▸ **Task instructions**
Every line of the material is to be quoted verbatim, minus the pictures.

▸ **Dataset content**
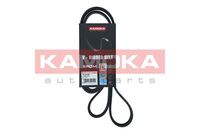 KAMOKA 7016162 - Correa trapecial poli V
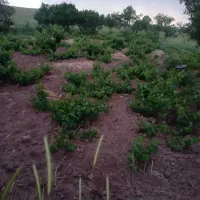 باغ انگور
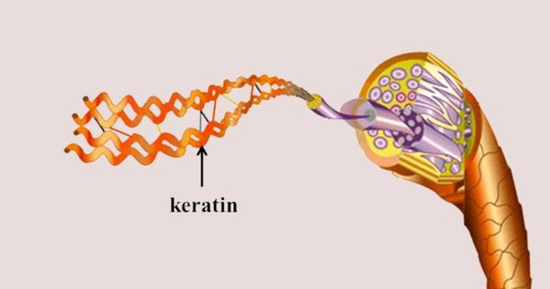 Bổ sung keratin từ thực phẩm để có mái tóc khỏe đẹp, bóng mượt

▸ **Output of the task**
 KAMOKA 7016162 - Correa trapecial poli V
 باغ انگور
 Bổ sung keratin từ thực phẩm để có mái tóc khỏe đẹp, bóng mượt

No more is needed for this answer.